[COLLECTED MATERIAL]
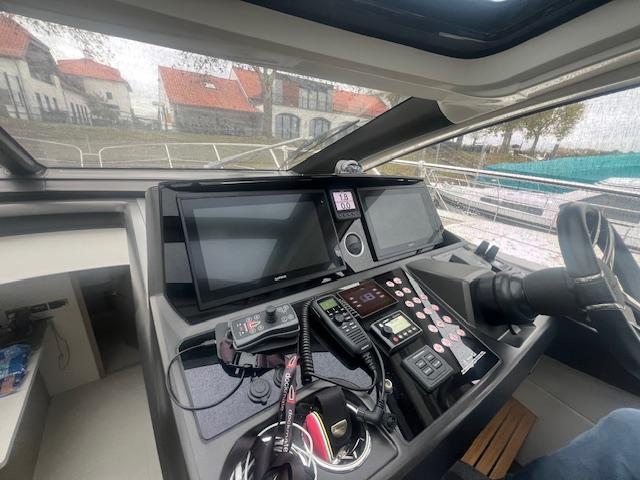 foto: 13 Sunseeker Predator 50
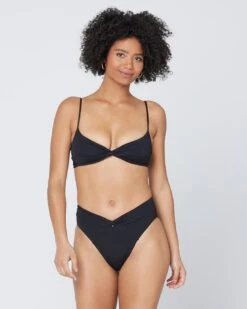 Ringo Bikini Top 22 Ringo Bikini Top -Tial Muse Shop 5900254 LSRIT21 BLK LSNLB21 BLK FRONT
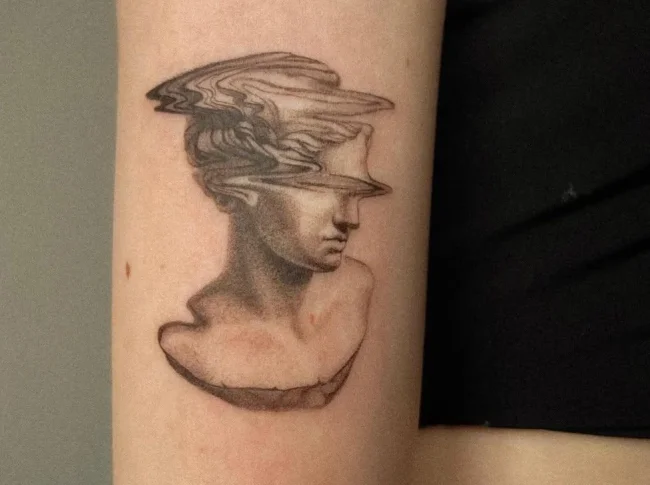 «Страдают мастера старой закалки»: татуировщики рассказали, как изменились цены в их сфере за последние годы - «Новости бизнеса»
[/COLLECTED MATERIAL]
*YOUR OBJECTIVE*. Set the listing above down again exactly, leaving pictures out.

*REPLY*.
 foto: 13 Sunseeker Predator 50
 Ringo Bikini Top 22 Ringo Bikini Top -Tial Muse Shop 5900254 LSRIT21 BLK LSNLB21 BLK FRONT
 «Страдают мастера старой закалки»: татуировщики рассказали, как изменились цены в их сфере за последние годы - «Новости бизнеса»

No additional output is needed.